Dug a bit further into this.

The immediate error is solved by adding a method for

grad_mut(x::AnalyticWeights) = Ref{Any}(nt_nothing(x))

which previously dispatched to the AbstractArray method.

After adding this the error is

julia> gradient(values -> AnalyticWeights(values).sum, [1.0, 2.0, 3.0])
ERROR: MethodError: no method matching (::Zygote.var"#AnalyticWeights_pullback#117")(::Base.RefValue{Any})
Closest candidates are:
  (::Zygote.var"#AnalyticWeights_pullback#117")(::AbstractArray) at /Users/mzgubic/JuliaEnvs/PortfolioNets.jl/dev/Zygote/src/lib/lib.jl:12
  (::Zygote.var"#AnalyticWeights_pullback#117")(::ChainRulesCore.Tangent) at /Users/mzgubic/JuliaEnvs/PortfolioNets.jl/dev/Zygote/src/lib/lib.jl:13
  (::Zygote.var"#AnalyticWeights_pullback#117")(::ChainRulesCore.AbstractThunk) at /Users/mzgubic/JuliaEnvs/PortfolioNets.jl/dev/Zygote/src/lib/lib.jl:14
Stacktrace:
 [1] (::Zygote.ZBack{Zygote.var"#AnalyticWeights_pullback#117"})(dy::Base.RefValue{Any})
   @ Zygote ~/JuliaEnvs/PortfolioNets.jl/dev/Zygote/src/compiler/chainrules.jl:141
 [2] Pullback
   @ ./REPL[4]:1 [inlined]
 [3] (::typeof(∂(#5)))(Δ::Float64)
   @ Zygote ~/JuliaEnvs/PortfolioNets.jl/dev/Zygote/src/compiler/interface2.jl:0
 [4] (::Zygote.var"#50#51"{typeof(∂(#5))})(Δ::Float64)
   @ Zygote ~/JuliaEnvs/PortfolioNets.jl/dev/Zygote/src/compiler/interface.jl:41
 [5] gradient(f::Function, args::Vector{Float64})
   @ Zygote ~/JuliaEnvs/PortfolioNets.jl/dev/Zygote/src/compiler/interface.jl:76
 [6] top-level scope
   @ REPL[4]:1

which means it looks like the Ref managed to propagate to the chain rule.

It seemed related to https://github.com/FluxML/Zygote.jl/issues/685, maybe the problem is related to the fact that AnalyticWeights is mutable?
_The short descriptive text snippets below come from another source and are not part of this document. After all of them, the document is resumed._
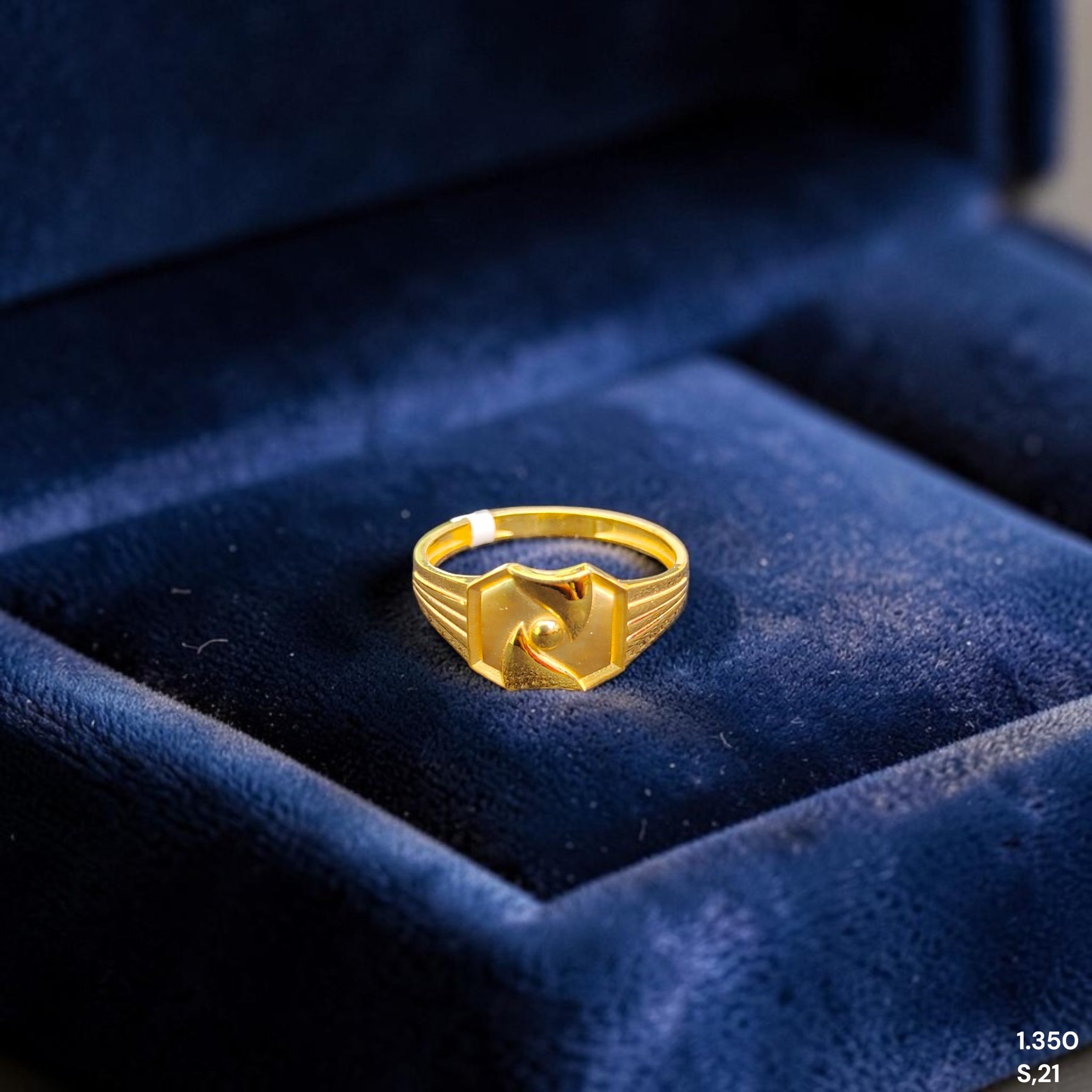 GENTS RING- TRJ (SIZE:21) WGT: 1.350 GM APPROX BIS CERTIFIED HUID HALLMARK 375 9KT GOLD FINGER RING FOR MEN 1 PIECE.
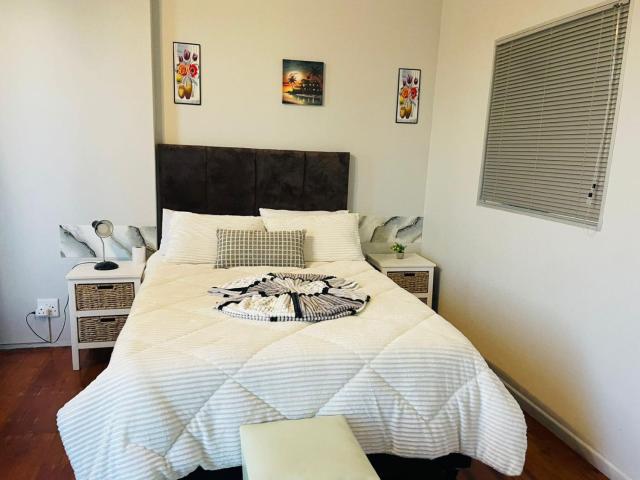 A guesthouse & Dormitory beds Claremont
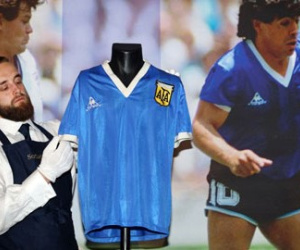 Áo đấu World Cup 1986 của Maradona được bán với giá kỷ lục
Ok, let me check by defining my own custom type

julia> mutable struct MyWeights
           values
           sum
       end

julia> MyWeights(values) = MyWeights(values, sum(values))

But that seems to work fine:

julia> gradient(values -> MyWeights(values).sum, [1.0, 2.0, 3.0])
(Fill(1.0, 3),)
oxinabox commented 3 years ago

I think we actually need to accept Ref in the chainrules conversion functions. Zygote seems to insert them sometimes. I think it is a vestigial organ left-over from when Zygote supported mutation.

ThummeTo commented 1 year ago

What exactly is the purpose of grad_mut? Can you please explain (or add a comment in the source code)? I have a very similar issue with a custom struct, that is subtype of AbstractArray.

oxinabox commented 1 year ago

I think it is a vestigial organ left-over from when Zygote supported mutation.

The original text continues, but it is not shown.